Die Post-Punk-Band Tics

Das Leben ist immer noch kein Picknick

Die Kölner Post-Punk-Band Tics veröffentlicht ein Debütalbum, in dem Jahrzehnte linker Debatten stecken.

Tics sind die »unwillkürliche, regelmäßig oder unregelmäßig wiederkehrende Kontraktion einzelner Muskeln«, erklärt Wikipedia. »Kopfnicken, Fauststrecken, Augenzwinkern, Arschkratzen« – das Infosheet zum Debüt der gleichnamigen Band weiß eine Menge solcher Zuckungen zu benennen, die zugleich die Ästhetik des Albums treffend zusammenfassen.
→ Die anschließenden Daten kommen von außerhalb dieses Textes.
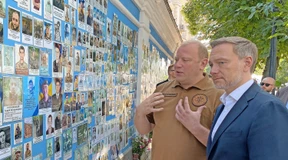 Zwölf Stunden in Kiew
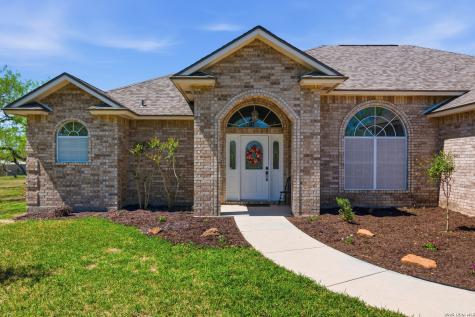 105 Old Campbell Road Seguin TX 78155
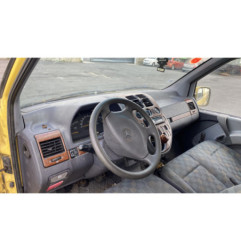 Serrure avant droit MERCEDES VITO 638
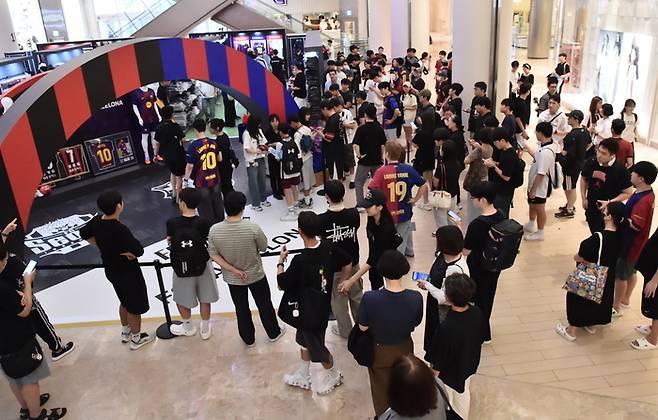 형지엘리트의 스포츠 브랜드 윌비플레이가 FC바르셀로나 내한으로 열리는 FC서울과의 친선 경기를 기념하기 위해 잠실 롯데월드몰에서 두 구단의 굿즈를 만나볼 수 있는 팝업존을 열었다 [형지엘리트 제공]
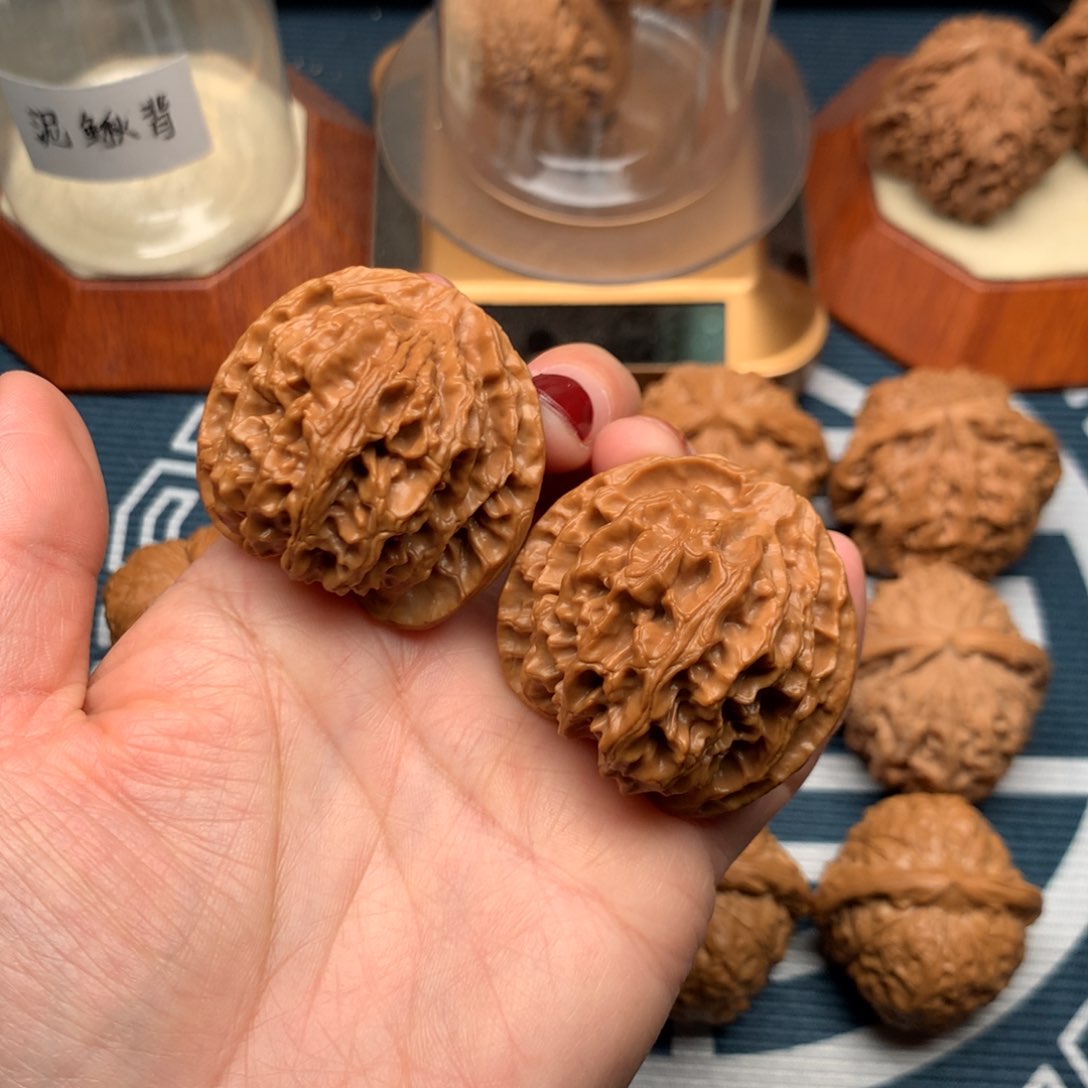 文玩核桃把件苹果园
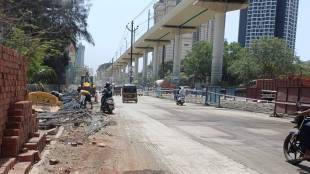 Thane Ghodbunder Road traffic congestion issues | Dangerous electric poles on Ghodbunder Road | Ghodbunder road widening accident risks | Thane city civic infrastructure problems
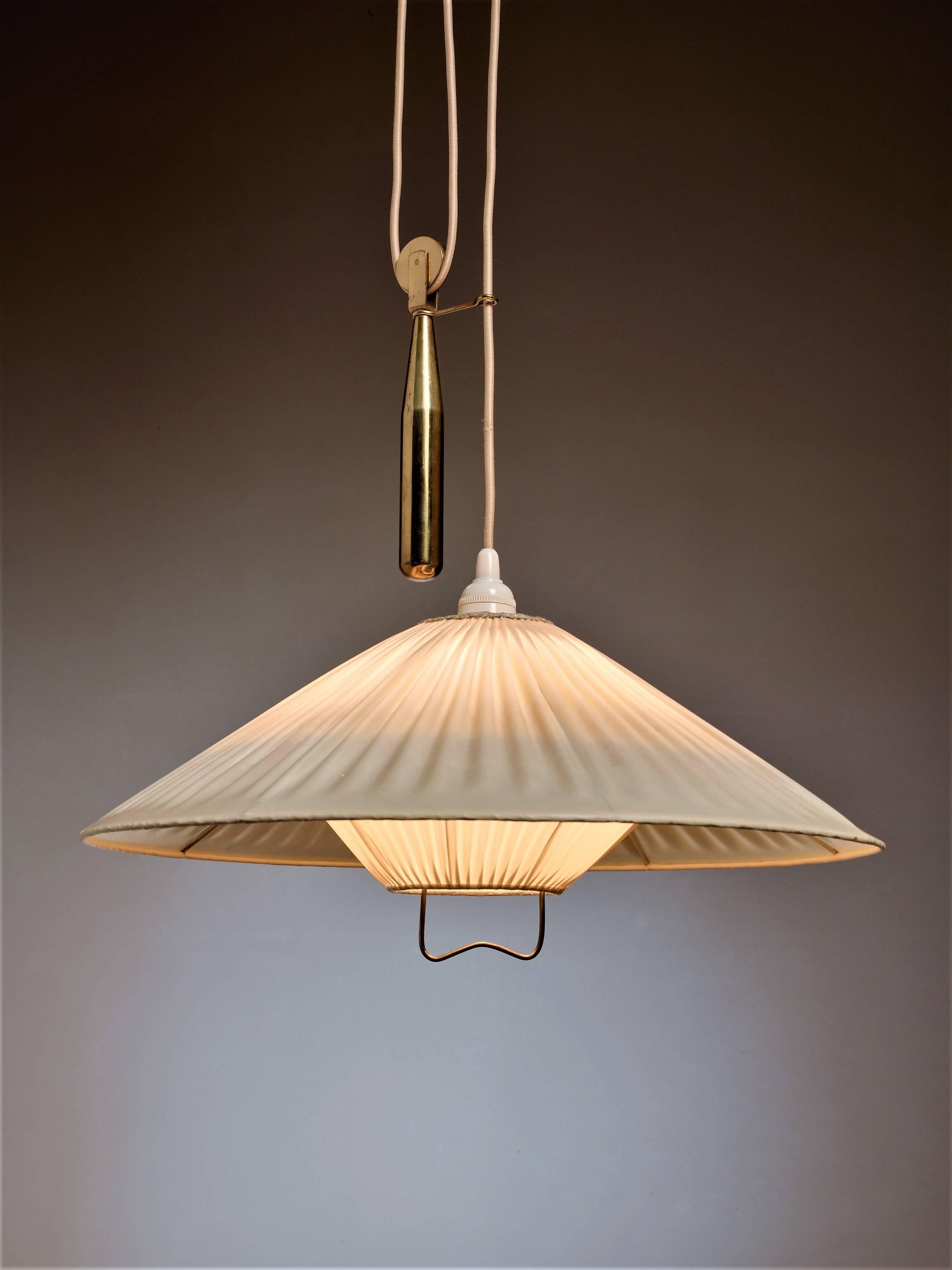 A pendant lamp with a double, pleated plastic hood and a brass counterweight and brass handle. A beautiful piece in the style of Paavo Tynell.

* This piece is offered to you by Bloomberry, Amsterdam *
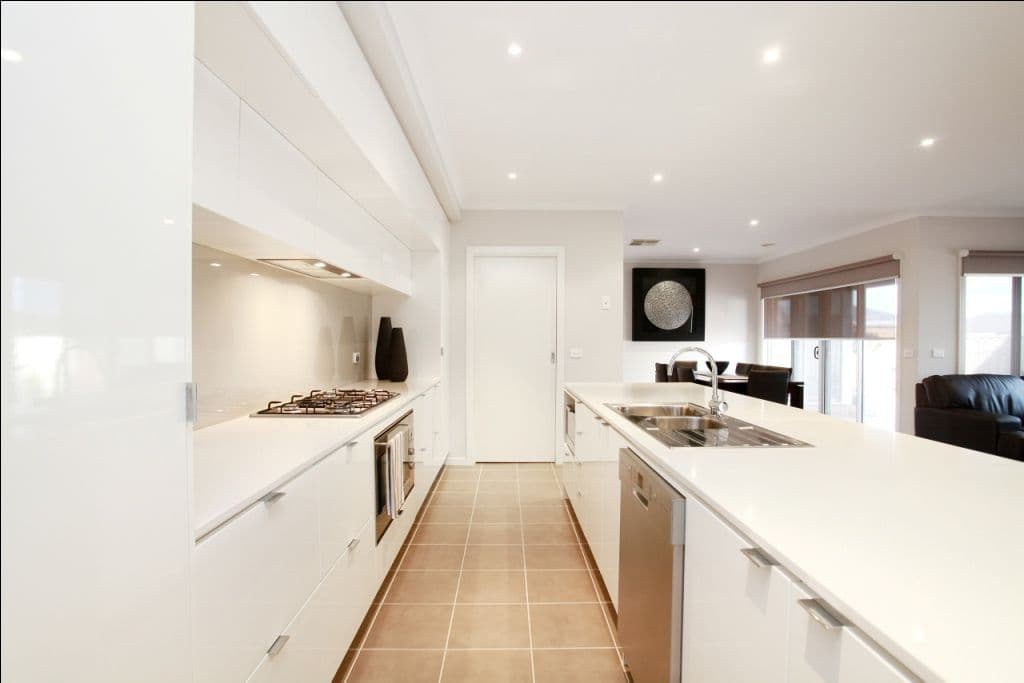 17 Jamieson Terrace, TAYLORS HILL VIC 3037, Taylors Hill - Thumbnail 3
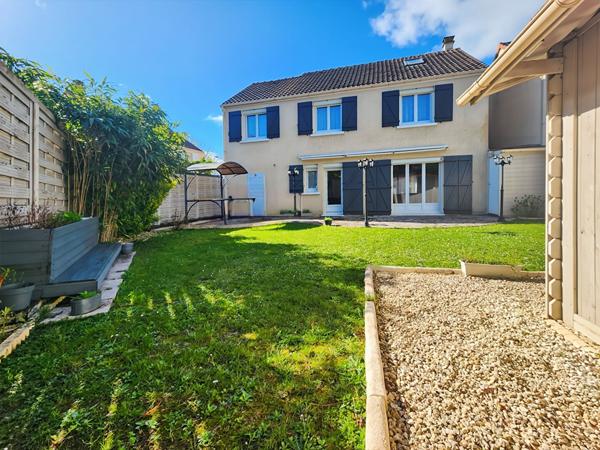 Maison 7 pièce(s) 126 m2  Savigny Le Temple Bourg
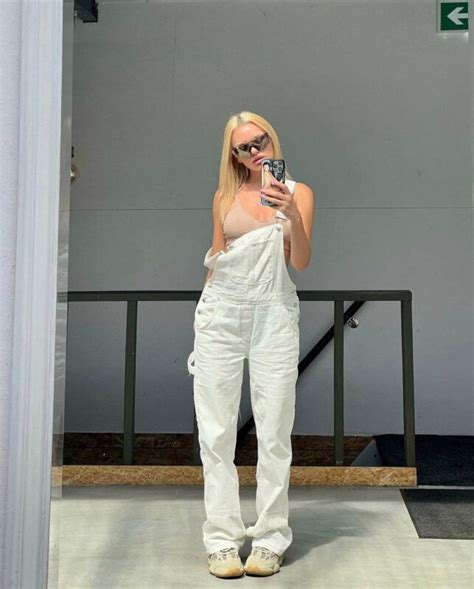 Alexandra Stan's Height and Figure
Unwillkürliches Stirnrunzeln angesichts des Zustands der Welt, wiederkehrendes Fauststrecken und Zähneblecken gegen die Dummheit: »Knowledge is a cultural force«, behauptet im Song »Gloria« ein Computersprachprogramm. Siri? Und weiter: »Species appropriate, oh yeah«.

Gegen die Dummheit hilft kontrolliertes Rumhampeln, Grimassenschneiden, auf den Punkt gespielte Songs, kaum einer länger als zwei Minuten, in die der ganze Müll der Welt eingedrungen ist. Wer spricht? Egal, irgendwer schreit auf den Hörer ein, skandiert Zeitungsüberschriften und alltägliche Phrasen: »Social Service War Zone Jet Set«. Auch am Mikrophon: Elton John und Donald Trump: »Punch him in the face.« Fremde und bandeigene Stimmen kommentieren sich gegenseitig, die Welt und den ganzen Rest. Arschkratzen, weitergehen, nächster Song.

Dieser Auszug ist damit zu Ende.